Thu Jul 17 01:35:28 PDT 2025

sparker-arm wrote:

I haven't tested with any VMs yet, as I doubt any of them will be taking advantage of this now.

The main advantage of this change is identify 'narrow' shuffles that can be mapped to target instructions. Even though Wasm is 128-bit, it doesn't always mean we're operating on that full width. Imagine that we're operating on 4 x 16-bit vector and we want the result to be the even lanes: 0, 2, 4, 6. But the wasm shuffle will be 0, 2, 4, 6, 0, 0, 0, 0.

I've optimised the AArch64 backend in V8 so that these cases are often handled by splatting lane zero first, but this is still far from optimal.

With the undef mask, during isel and with very little overhead, the backend can recognize this as an 'unzip' operation instead of an arbitrary lane shuffle.

The extend_low operations also provide the same information as this mask but, if the shuffle has multiple users, it's unlikely to be such a simple optimisation during isel. I've created an [optimisation](https://source.chromium.org/chromium/chromium/src/+/main:v8/src/compiler/turboshaft/wasm-shuffle-reducer.h) in V8 specifically for figuring out undef lanes and it's non trivial.
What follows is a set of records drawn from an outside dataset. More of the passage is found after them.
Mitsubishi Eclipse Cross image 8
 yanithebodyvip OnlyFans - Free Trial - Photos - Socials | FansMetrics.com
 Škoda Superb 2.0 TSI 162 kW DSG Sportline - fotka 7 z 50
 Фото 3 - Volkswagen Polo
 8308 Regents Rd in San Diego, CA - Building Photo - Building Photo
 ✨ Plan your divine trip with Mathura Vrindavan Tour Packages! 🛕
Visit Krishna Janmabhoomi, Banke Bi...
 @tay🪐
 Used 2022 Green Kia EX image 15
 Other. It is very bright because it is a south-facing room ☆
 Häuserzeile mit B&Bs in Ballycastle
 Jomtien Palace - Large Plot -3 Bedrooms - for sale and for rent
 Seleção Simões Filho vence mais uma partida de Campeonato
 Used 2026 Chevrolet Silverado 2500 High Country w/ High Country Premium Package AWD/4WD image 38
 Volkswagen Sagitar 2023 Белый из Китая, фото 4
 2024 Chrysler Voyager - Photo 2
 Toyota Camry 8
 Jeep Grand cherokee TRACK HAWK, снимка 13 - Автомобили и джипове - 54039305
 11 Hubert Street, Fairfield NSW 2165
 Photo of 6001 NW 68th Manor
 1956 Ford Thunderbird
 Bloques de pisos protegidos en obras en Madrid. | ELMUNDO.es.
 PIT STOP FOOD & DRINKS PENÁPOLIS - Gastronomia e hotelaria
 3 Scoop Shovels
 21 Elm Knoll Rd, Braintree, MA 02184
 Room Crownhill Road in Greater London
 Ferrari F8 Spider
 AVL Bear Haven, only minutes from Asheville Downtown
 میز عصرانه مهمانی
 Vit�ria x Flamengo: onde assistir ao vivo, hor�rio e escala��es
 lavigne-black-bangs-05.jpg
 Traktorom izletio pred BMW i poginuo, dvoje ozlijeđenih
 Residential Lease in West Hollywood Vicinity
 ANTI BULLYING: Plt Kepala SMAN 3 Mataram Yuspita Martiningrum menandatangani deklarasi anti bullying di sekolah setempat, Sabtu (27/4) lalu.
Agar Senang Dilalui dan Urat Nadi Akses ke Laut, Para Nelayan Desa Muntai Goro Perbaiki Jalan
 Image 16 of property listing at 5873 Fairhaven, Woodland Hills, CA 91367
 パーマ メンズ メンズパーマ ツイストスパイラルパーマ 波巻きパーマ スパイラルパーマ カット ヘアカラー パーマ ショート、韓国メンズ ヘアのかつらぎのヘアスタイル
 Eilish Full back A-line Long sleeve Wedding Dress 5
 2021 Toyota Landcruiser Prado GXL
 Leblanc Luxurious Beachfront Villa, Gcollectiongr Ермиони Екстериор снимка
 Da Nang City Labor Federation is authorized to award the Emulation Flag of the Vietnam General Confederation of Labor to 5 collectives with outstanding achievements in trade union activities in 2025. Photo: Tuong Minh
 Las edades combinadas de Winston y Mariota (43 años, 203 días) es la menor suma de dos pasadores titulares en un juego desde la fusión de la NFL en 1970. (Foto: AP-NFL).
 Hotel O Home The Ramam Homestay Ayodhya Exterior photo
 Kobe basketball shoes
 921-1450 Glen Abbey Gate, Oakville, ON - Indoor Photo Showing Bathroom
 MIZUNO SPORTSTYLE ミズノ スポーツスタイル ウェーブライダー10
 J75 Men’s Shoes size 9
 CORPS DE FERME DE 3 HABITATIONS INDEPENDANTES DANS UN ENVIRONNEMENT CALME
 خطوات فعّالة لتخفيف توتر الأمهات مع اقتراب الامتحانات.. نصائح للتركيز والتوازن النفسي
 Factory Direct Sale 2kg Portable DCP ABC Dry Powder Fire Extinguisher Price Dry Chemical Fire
This undef mask change would make it much more simple for other runtimes to generate good shuffle code far more easily. 

As you may have noticed, I've found WebAssembly shuffles to be a real pain! I would really like to see a revision to the spec so that these undef lanes/bytes can be explicitly encoded :)

https://github.com/llvm/llvm-project/pull/149084